Guyana holds a unique position in regional history, having become the first English-speaking Caribbean nation to host an open, public Pride parade—a bold move that subsequently inspired matching movements in Trinidad and Tobago, Barbados, and across the wider region. Grassroots public education campaigns like Guyana Together have also successfully mobilized a growing network of parents, corporate allies, and civil society groups advocating for equal rights. Yet, Simpson maintains that this visible social progress is completely detached from state policy.

“It is a protest because we still, in 2026, are advocating for laws which criminalize same-sex intimacy to be repealed,” Simpson stated code-blue. “We still don’t have laws that protect us from discrimination. We are not seeing the institutional change, the legal change, the systemic change, or the policy change to match the social change that we’re experiencing.”

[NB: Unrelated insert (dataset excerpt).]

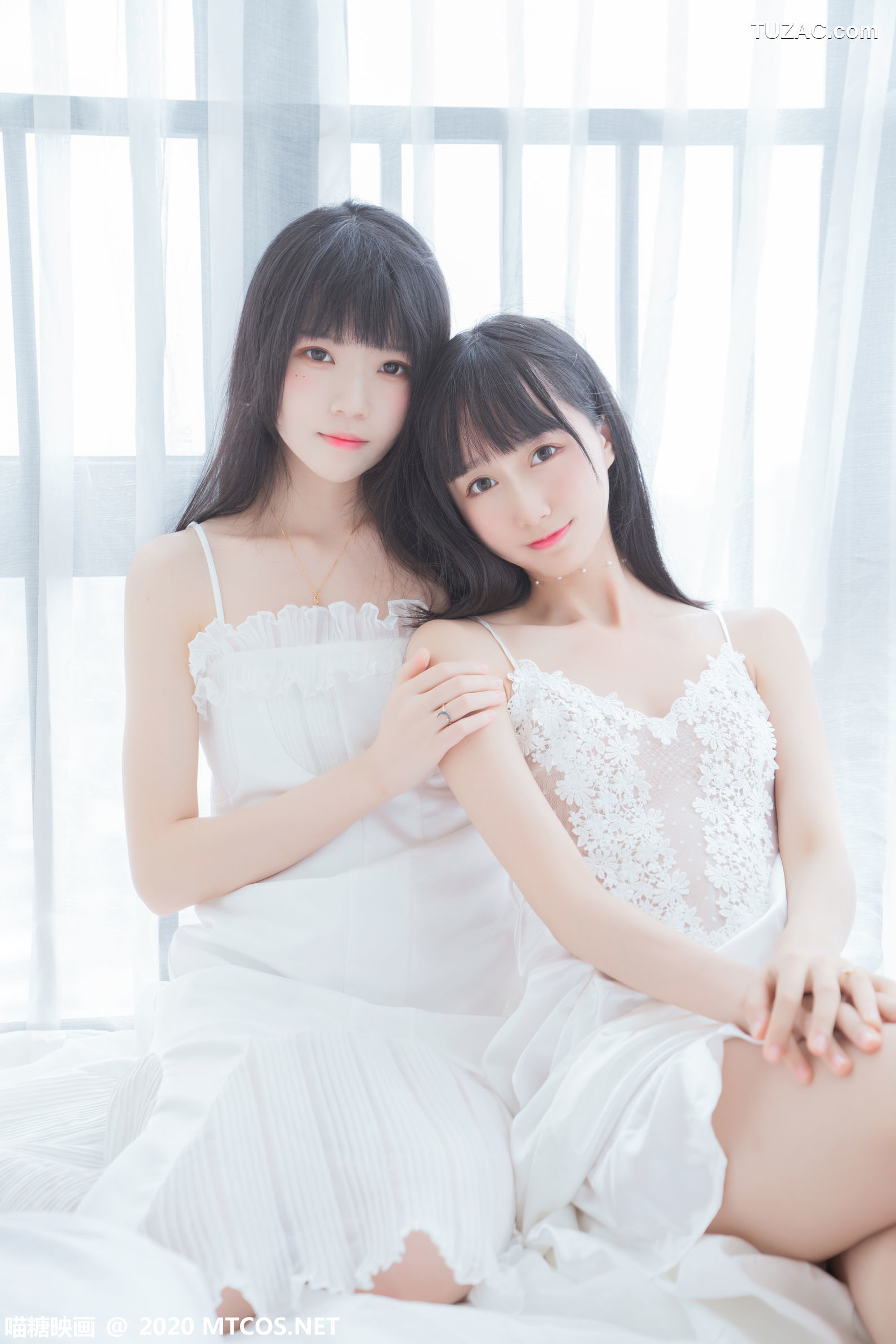 MTCos喵糖映画-Vol.173-《她・白色长裙》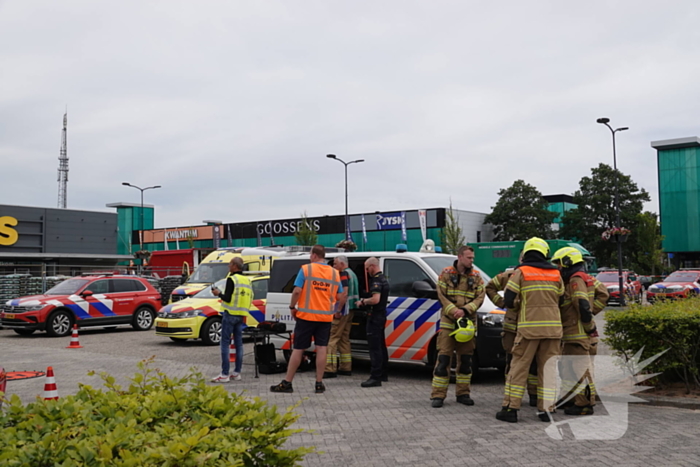 Deel van stad zonder stroom na brand in verdeelstation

SASOD’s 2026 Legislative Priorities for Equality

To align the laws of Guyana with contemporary human rights standards, SASOD has outlined two urgent legislative actions for parliamentarians before the conclusion of the 2026 legislative year:

  • Repeal of Sections 351–353: These specific clauses within the Criminal Law (Offences) Act criminalize consensual same-sex intimacy between adults. They stand as the very last remaining statutes on Guyana’s law books that directly penalize citizens based on sexual orientation.
  • Amendment of the Prevention of Discrimination Act 1997: As Guyana’s lone piece of ordinary anti-discrimination legislation, this statute currently protects citizens based on race, sex, and religion, but leaves a glaring legal vacuum regarding the queer community. SASOD is demanding an immediate amendment to explicitly prohibit discrimination based on sexual orientation, gender identity, and gender expression within workplaces and public spaces.

The Political Baseline: The People’s Progressive Party/Civic (PPP/C) administration formally committed in its national manifesto to outlawing discrimination based on sexual orientation. However, with the current term advancing, advocates argue the statutory amendment is a straightforward line correction that requires immediate parliamentary scheduling rather than further political stalling.

SASOD is aggressively pushing for these amendments to be passed by the National Assembly before the end of 2026, arguing that the law must finally reflect the reality of the compassionate, accepting society Guyana is actively becoming. Until the state updates its legal frameworks to protect every citizen, regardless of whom they love, the rainbow flags flying over Georgetown will continue to serve as banners of an ongoing battle for basic constitutional protections.